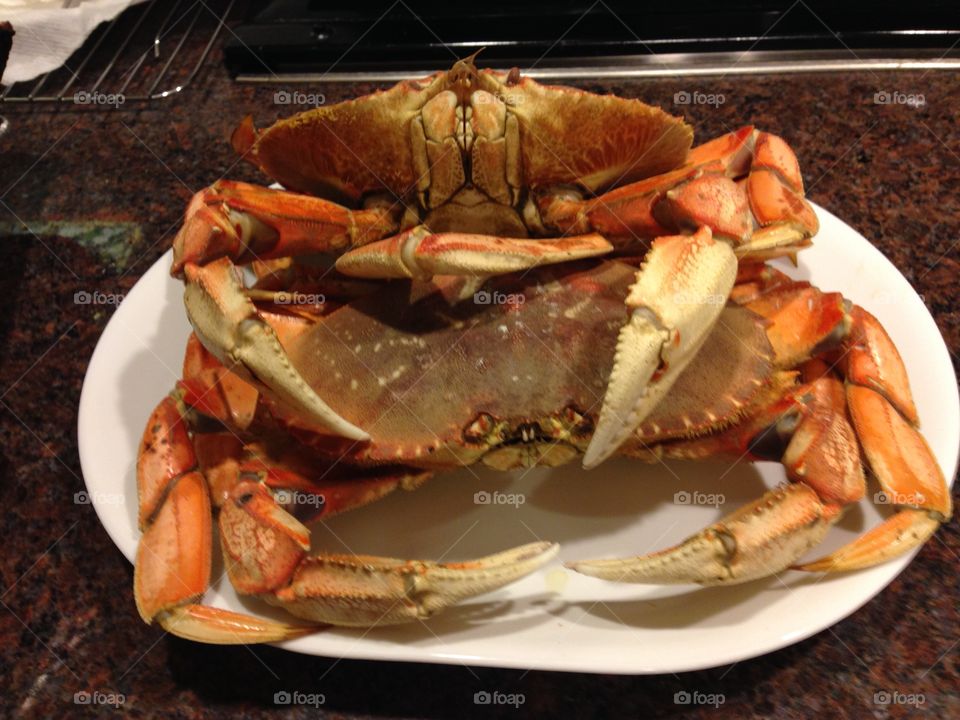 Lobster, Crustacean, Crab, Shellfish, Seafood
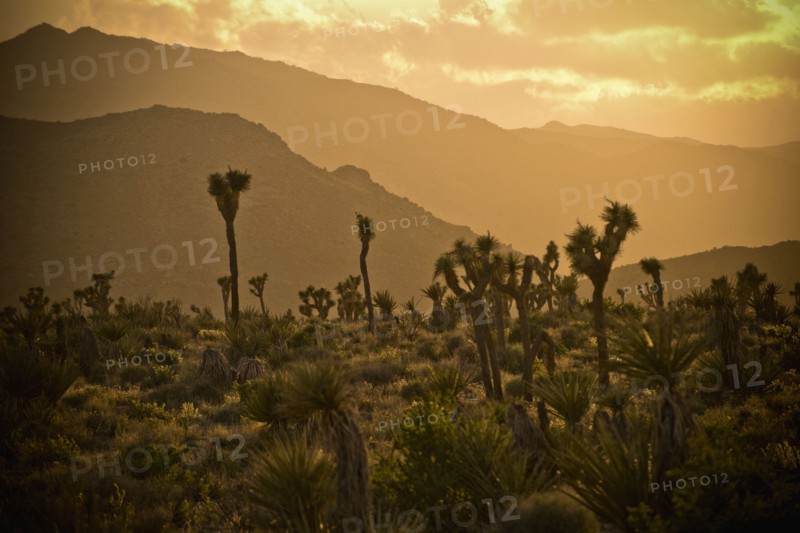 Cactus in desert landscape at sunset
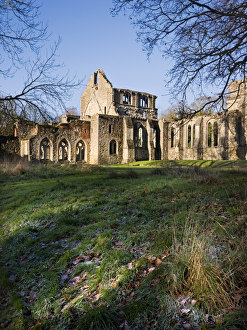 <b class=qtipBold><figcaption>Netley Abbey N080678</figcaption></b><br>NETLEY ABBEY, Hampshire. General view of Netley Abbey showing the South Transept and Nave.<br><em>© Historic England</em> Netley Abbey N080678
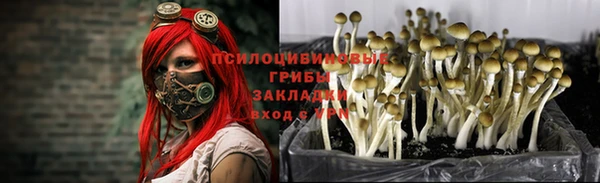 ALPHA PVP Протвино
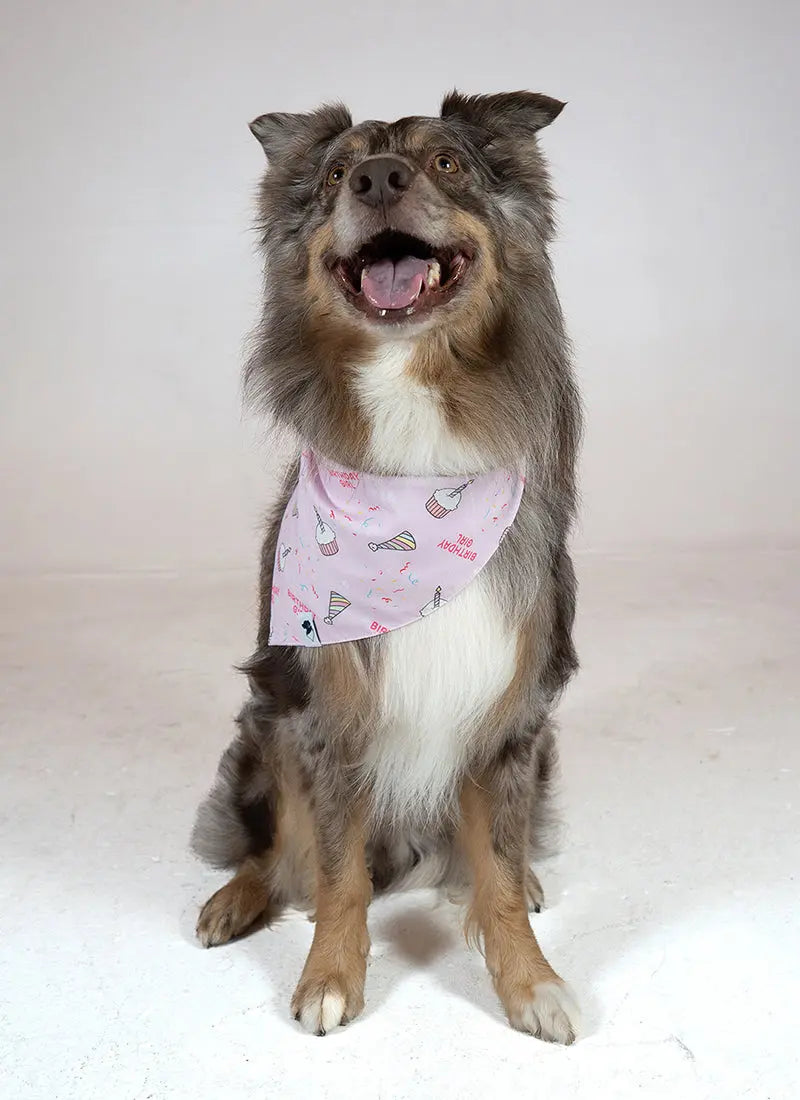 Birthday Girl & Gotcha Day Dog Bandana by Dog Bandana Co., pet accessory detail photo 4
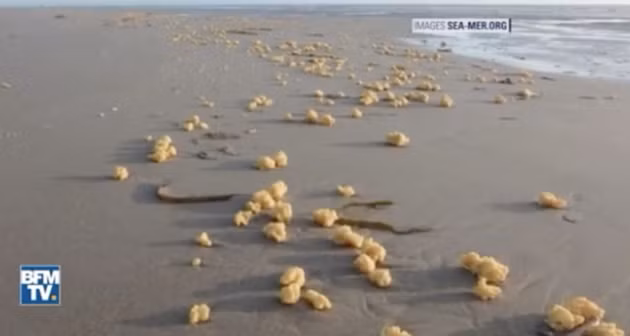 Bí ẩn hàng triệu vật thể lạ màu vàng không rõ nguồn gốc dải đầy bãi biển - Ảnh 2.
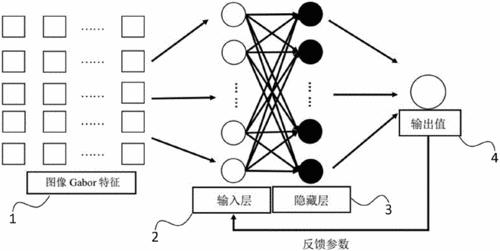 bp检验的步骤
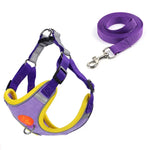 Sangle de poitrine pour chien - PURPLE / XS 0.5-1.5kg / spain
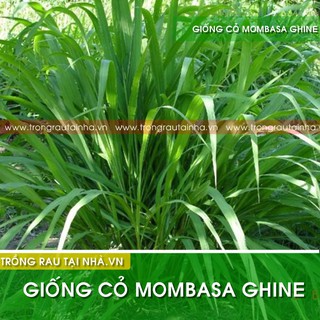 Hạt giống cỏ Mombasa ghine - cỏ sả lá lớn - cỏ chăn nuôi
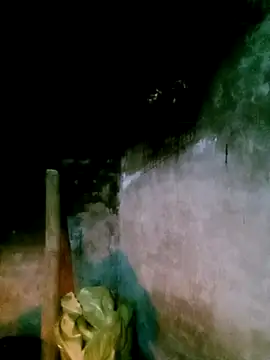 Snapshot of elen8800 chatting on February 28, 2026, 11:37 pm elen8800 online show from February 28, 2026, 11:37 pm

______

The copy should match each line above exactly and contain no images.

- Task result -
 Lobster, Crustacean, Crab, Shellfish, Seafood
 Cactus in desert landscape at sunset
 <b class=qtipBold><figcaption>Netley Abbey N080678</figcaption></b><br>NETLEY ABBEY, Hampshire. General view of Netley Abbey showing the South Transept and Nave.<br><em>© Historic England</em> Netley Abbey N080678
 ALPHA PVP Протвино
 Birthday Girl & Gotcha Day Dog Bandana by Dog Bandana Co., pet accessory detail photo 4
 Bí ẩn hàng triệu vật thể lạ màu vàng không rõ nguồn gốc dải đầy bãi biển - Ảnh 2.
 bp检验的步骤
 Sangle de poitrine pour chien - PURPLE / XS 0.5-1.5kg / spain
 Hạt giống cỏ Mombasa ghine - cỏ sả lá lớn - cỏ chăn nuôi
 Snapshot of elen8800 chatting on February 28, 2026, 11:37 pm elen8800 online show from February 28, 2026, 11:37 pm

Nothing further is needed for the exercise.